▸ Requirement
What you need to produce from the material below is an exact transcription of the lines from the one with "Картина по номерам" through the one with "Subaru Forester 2.5i", both included, and no other line.

▸ Entries shown

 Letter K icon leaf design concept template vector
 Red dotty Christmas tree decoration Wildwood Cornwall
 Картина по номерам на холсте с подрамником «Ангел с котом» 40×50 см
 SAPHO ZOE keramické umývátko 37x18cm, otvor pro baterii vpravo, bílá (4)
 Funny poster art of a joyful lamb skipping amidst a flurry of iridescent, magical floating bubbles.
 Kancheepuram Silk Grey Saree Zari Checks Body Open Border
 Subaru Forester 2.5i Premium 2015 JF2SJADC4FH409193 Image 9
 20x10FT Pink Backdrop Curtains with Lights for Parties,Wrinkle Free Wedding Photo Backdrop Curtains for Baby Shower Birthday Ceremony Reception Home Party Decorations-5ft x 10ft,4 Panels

▸ Reply
 Картина по номерам на холсте с подрамником «Ангел с котом» 40×50 см
 SAPHO ZOE keramické umývátko 37x18cm, otvor pro baterii vpravo, bílá (4)
 Funny poster art of a joyful lamb skipping amidst a flurry of iridescent, magical floating bubbles.
 Kancheepuram Silk Grey Saree Zari Checks Body Open Border
 Subaru Forester 2.5i Premium 2015 JF2SJADC4FH409193 Image 9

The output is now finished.